When I woke up this morning, and turned to the internet on my phone (yes, the addiction is that bad), I saw the news about the triple murder in Chapel Hill.

The headlines emphasized that the victims were Muslim. Immediately, the internet set out on the race that takes place in such circumstances — various sides jockeying for political position.

Maybe it was best I was completely busy all morning. I asked Amy to handle the news coverage of the event.

Throughout the day, facts seemed to develop that pointed away from this being an act of anti-Muslim violence, but there will be more facts to come out, and they should.

If this were a crime motivated by personal animus not religion, it would be bad in every way. If it were a crime motivated by religious hate, it would be worse. Such crimes tear at the fabric of society, not just the fabric of a family.

Throughout the day, doing other things out of one eye, watching events unfold out of the other, I didn’t expect to write about the story myself today.

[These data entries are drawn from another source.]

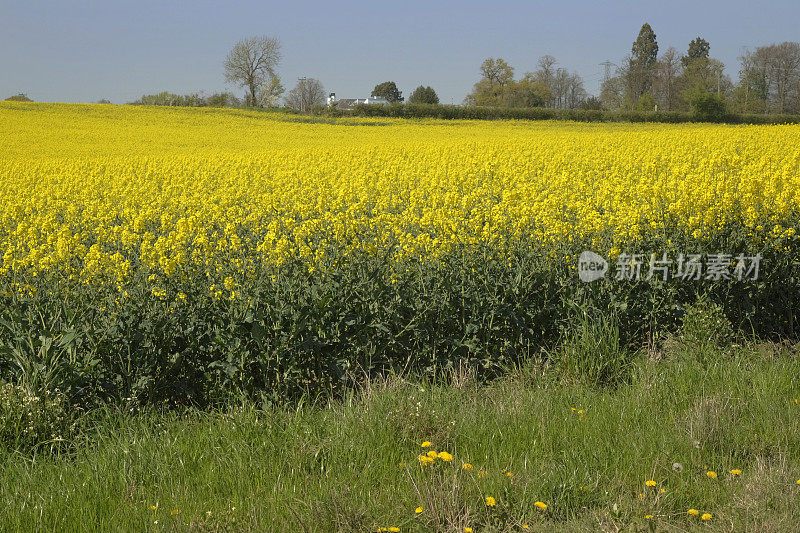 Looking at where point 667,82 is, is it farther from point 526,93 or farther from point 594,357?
point 594,357

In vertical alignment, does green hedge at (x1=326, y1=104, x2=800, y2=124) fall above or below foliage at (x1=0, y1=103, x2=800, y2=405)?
above

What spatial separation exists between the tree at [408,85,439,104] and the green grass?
5582 centimetres

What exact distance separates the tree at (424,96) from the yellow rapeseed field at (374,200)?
3951 cm

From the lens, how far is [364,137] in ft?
90.1

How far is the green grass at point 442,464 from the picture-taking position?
2.89 metres

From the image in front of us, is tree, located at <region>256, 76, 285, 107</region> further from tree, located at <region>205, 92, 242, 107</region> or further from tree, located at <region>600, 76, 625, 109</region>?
tree, located at <region>600, 76, 625, 109</region>

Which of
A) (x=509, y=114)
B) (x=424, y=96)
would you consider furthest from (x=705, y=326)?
(x=424, y=96)

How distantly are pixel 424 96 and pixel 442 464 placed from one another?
57050mm

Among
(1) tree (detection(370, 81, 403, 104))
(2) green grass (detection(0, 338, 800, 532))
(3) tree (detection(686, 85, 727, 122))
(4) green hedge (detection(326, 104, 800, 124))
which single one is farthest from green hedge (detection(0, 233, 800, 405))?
(1) tree (detection(370, 81, 403, 104))

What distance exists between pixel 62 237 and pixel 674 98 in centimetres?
6515

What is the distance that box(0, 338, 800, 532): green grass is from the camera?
289 centimetres

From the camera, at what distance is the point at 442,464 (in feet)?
10.9

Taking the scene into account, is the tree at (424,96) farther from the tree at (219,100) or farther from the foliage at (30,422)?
the foliage at (30,422)

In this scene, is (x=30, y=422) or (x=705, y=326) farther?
(x=705, y=326) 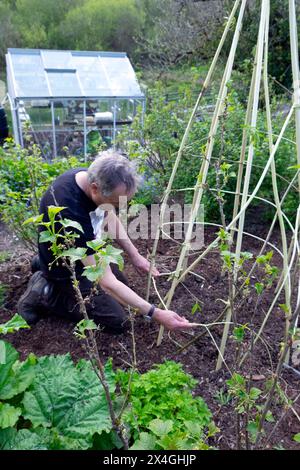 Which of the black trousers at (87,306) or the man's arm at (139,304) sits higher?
the man's arm at (139,304)

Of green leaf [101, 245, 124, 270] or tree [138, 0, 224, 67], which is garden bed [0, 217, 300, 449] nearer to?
green leaf [101, 245, 124, 270]

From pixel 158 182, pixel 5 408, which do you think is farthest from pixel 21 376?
pixel 158 182

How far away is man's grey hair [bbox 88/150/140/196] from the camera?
249 centimetres

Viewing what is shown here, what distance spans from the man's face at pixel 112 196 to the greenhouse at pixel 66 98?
20.7ft

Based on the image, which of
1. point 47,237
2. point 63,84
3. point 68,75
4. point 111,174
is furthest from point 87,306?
point 68,75

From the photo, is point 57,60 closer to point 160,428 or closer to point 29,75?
point 29,75

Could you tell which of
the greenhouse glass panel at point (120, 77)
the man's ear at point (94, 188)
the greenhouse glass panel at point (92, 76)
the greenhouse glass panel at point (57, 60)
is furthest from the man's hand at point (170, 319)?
the greenhouse glass panel at point (57, 60)

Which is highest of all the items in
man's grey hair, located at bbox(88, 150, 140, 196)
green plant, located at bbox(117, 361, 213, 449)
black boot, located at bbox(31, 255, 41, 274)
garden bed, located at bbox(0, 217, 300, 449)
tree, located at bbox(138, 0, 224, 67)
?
tree, located at bbox(138, 0, 224, 67)

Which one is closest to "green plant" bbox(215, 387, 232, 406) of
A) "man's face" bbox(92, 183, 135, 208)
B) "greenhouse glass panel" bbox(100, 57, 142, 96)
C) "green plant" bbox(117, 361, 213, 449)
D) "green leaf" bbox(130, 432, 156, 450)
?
"green plant" bbox(117, 361, 213, 449)

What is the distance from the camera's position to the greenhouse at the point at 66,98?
29.0 feet

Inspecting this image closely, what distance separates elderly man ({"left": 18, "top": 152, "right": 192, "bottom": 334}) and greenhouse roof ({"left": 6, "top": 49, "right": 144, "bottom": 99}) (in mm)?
6618

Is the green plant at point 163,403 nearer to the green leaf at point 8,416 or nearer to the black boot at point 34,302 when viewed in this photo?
the green leaf at point 8,416

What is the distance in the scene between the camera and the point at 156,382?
2094mm

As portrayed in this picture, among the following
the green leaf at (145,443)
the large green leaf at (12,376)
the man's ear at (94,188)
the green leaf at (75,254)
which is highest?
the green leaf at (75,254) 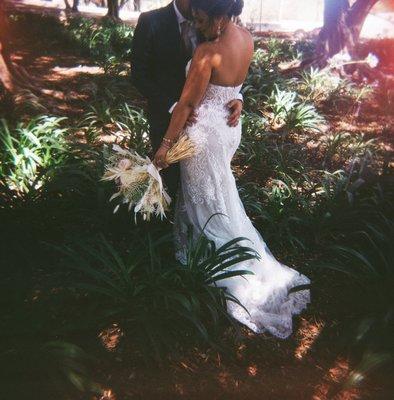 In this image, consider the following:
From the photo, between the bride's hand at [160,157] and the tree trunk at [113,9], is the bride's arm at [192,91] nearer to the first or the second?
the bride's hand at [160,157]

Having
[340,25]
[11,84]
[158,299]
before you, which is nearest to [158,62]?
[158,299]

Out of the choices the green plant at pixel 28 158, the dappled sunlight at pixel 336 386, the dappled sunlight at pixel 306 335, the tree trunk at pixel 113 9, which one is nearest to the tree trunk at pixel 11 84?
the green plant at pixel 28 158

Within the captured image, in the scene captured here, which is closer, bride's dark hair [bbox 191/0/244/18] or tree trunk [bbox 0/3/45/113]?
bride's dark hair [bbox 191/0/244/18]

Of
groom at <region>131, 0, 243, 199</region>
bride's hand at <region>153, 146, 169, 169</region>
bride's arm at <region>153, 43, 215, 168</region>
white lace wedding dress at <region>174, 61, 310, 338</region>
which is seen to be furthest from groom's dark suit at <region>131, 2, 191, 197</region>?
bride's arm at <region>153, 43, 215, 168</region>

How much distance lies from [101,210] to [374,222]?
2.75 m

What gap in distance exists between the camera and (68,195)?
10.7ft

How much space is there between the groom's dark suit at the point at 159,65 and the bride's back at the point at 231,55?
711 millimetres

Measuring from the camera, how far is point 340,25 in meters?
9.82

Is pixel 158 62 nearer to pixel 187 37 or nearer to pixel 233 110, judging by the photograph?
pixel 187 37

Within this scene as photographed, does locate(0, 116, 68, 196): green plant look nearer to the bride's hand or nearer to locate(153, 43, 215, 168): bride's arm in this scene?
the bride's hand

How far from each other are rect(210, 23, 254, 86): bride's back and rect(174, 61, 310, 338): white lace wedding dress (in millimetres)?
81

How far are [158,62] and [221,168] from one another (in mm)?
1078

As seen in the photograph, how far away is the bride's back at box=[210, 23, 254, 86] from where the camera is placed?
2085mm

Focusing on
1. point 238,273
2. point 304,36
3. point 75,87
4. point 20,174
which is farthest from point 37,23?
point 238,273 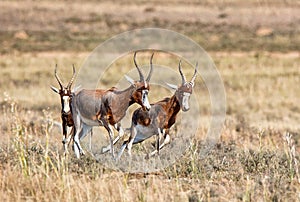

Then when I got home and went on Twitter, I saw the photo. And it all hit home.

It’s a photo of one of the victims, Yusor Abu-Salha, dancing with her father at her wedding a few weeks ago, posted just days ago.

It was accompanied by this message: Dancing With Daddy 

Yusor Abu-Salha Dancing With Daddy

There is something about the image of a joyous bride and her proud father that transcends peoples.

This spring my son gets married, and his bride-to-be will dance with her father. My daughters are of marrying age (boy, doesn’t that make me sound old-fashioned), and one day I’ll dance that dance with them, God willing.

To lose that moment so soon is heartbreaking, to the father and all who knew and loved her.

I don’t know what the victims’ politics were, and I don’t care.

I also don’t know why it has moved me so much. It’s just a photo.